Y a également contribué l’incapacité de la gauche à présenter une alternative crédible au pouvoir absolu de la bourgeoisie et de la finance – une alternative supposant à la fois un train de mesures convainquant et une dynamique politique à vocation majoritaire. Mais l’extrême droite politique elle-même n’est bien sûr pas restée inactive, et a su adapter son discours et sa rhétorique de manière à se « dédiaboliser » – avec l’aide efficace des médias dont certains sont concentrés entre les mains de ses soutiens. L’électrochoc de son résultat aux européennes et de la possibilité réelle de son accession rapide au pouvoir suite à la dissolution a été décisif.
– L’aspiration unitaire croissante à gauche, dans les milieux les plus divers, qui a pris un certain élan avec l’unité syndicale réalisée lors du mouvement contre la réforme des retraites.
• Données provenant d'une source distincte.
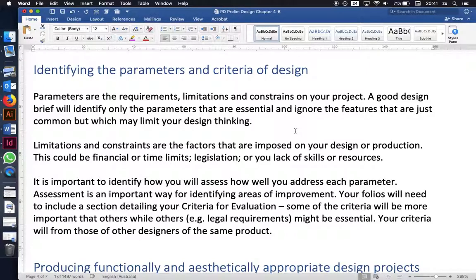Limitations and constraints are things imposed from the outside. The most obvious limitations are time and money, legal requirements, and safety requirements. We also often have limitations on our skills and resources. The key idea is to identify all the things we want our project to be when finished, and all the things that will restrict our possibilities.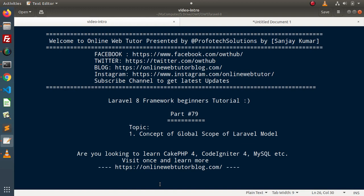Hello guys! Welcome to Online Web Tutor. I am Sanjay. We are learning Laravel 8 Framework tutorial. This is our part number 79. Inside this video, we will discuss the concept of global scope in Laravel model.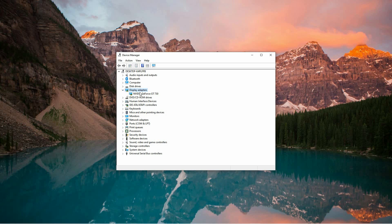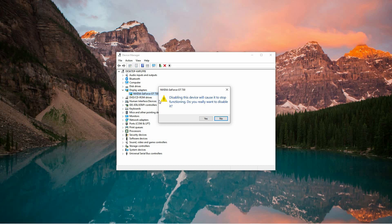You should see your integrated graphics driver here, which is typically named something like Intel HD Graphics, Intel UHD Graphics, or a similar variant. Once you've located the correct driver, right-click on it to bring up a menu of options. From the list, select Disable Device.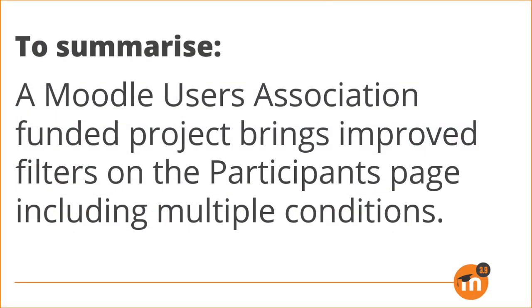To summarize, a Moodle Users Association funded project brings improved filters on the participants page including multiple conditions.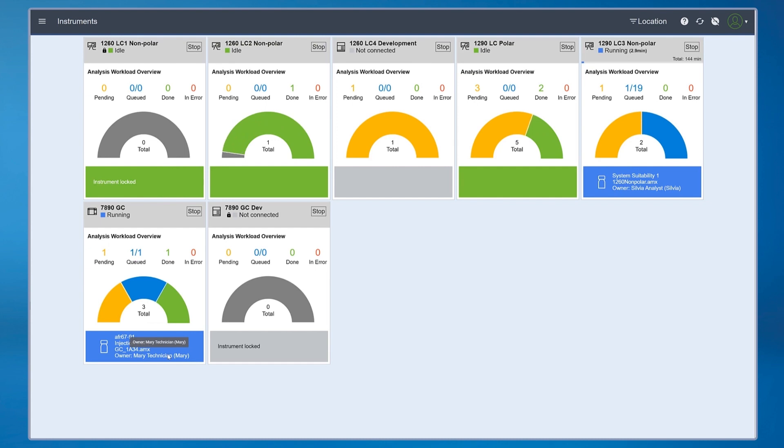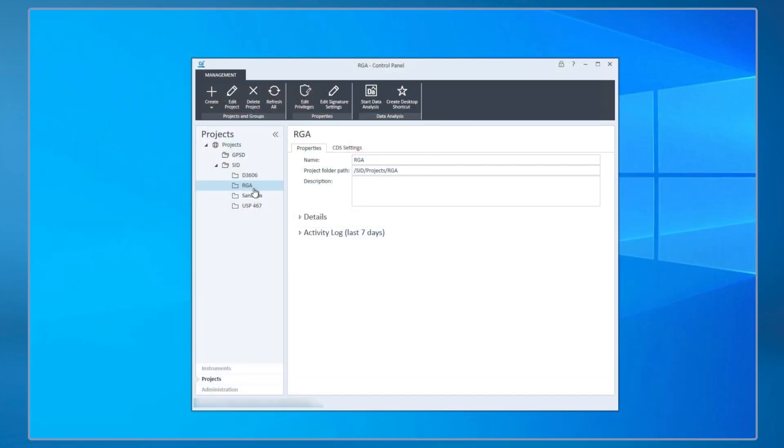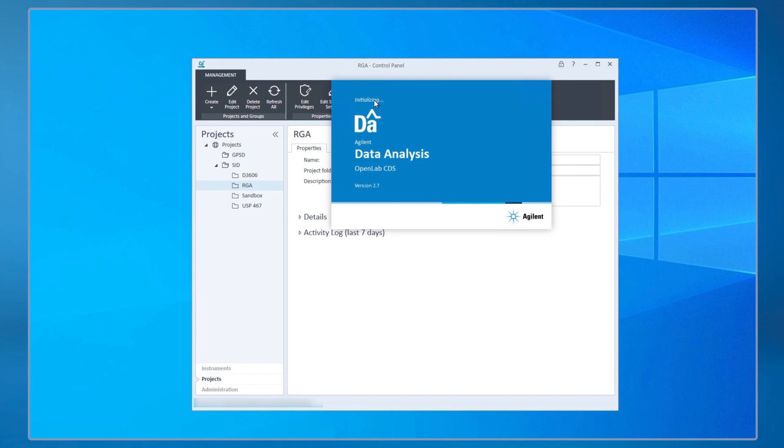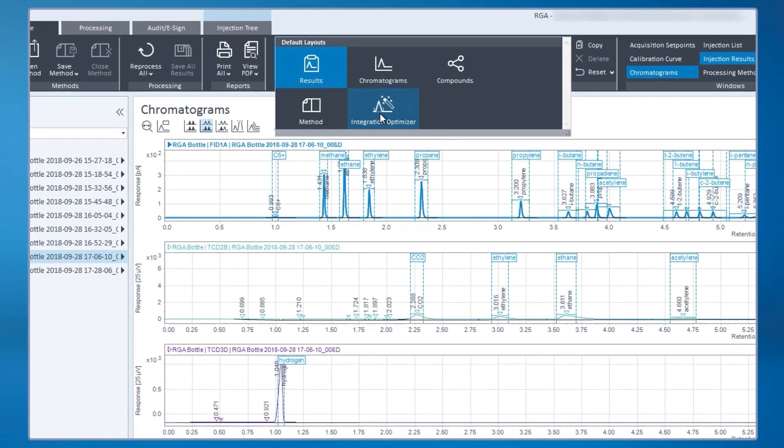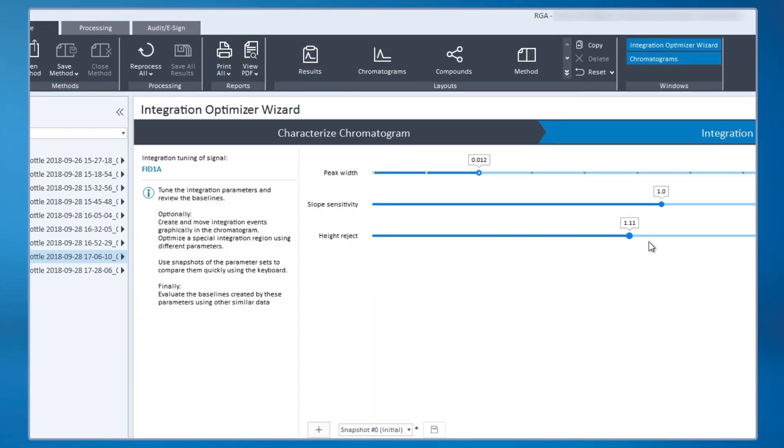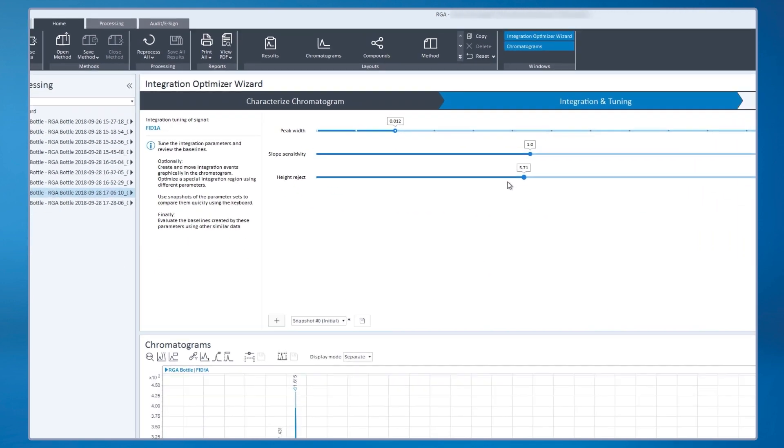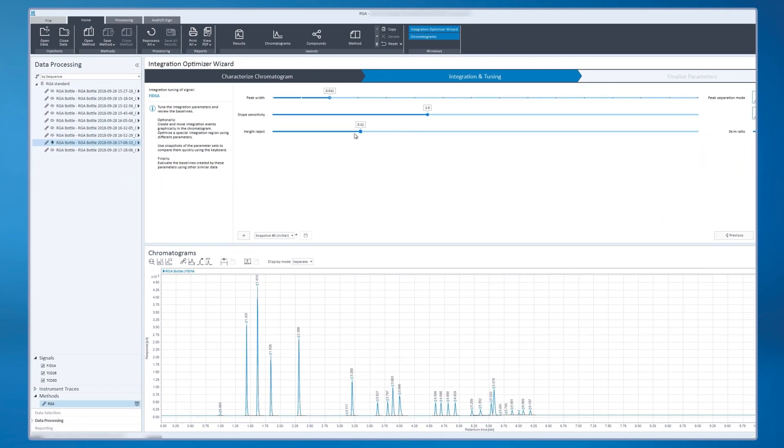Later, once OpenLab CDS has collected the results, you'll log into the project in Data Analysis, which has easy-to-use tools like Integration Optimizer that will improve the accuracy of your results by allowing you to optimize your integration parameters and see your changes in real time.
Même si elle n’a pas fait céder Macron, elle a constitué une expérience de la puissance de l’unité pour des centaines de milliers de gens.
– Un certain rééquilibrage de la gauche depuis une dizaine d’années, au profit de ses secteurs les plus clairement anti-néolibéraux ou anticapitalistes : c’est le résultat le plus positif et aussi l’un des moteurs de la montée en puissance de LFI et de la place qu’elle a acquise à gauche, prenant en un sens le relais politique d’un altermondialisme qui commençait à s’essouffler.
– L’impasse avérée de la volonté dominatrice de cette même organisation, qui dans le même temps a fait avancer dans le débat public les thèmes les plus justement radicaux et accéléré à son corps défendant, parfois malgré elle voire contre elle, la volonté unitaire. L’un des effets de ce paradoxe est la combinaison de l’installation de certaines de ses propositions comme évidences publiques dans de larges secteurs de l’opinion et le renforcement, parmi les mêmes, d’un certain agacement de sa rhétorique et de son attitude générale à propos des autres forces de la gauche politique et sociale.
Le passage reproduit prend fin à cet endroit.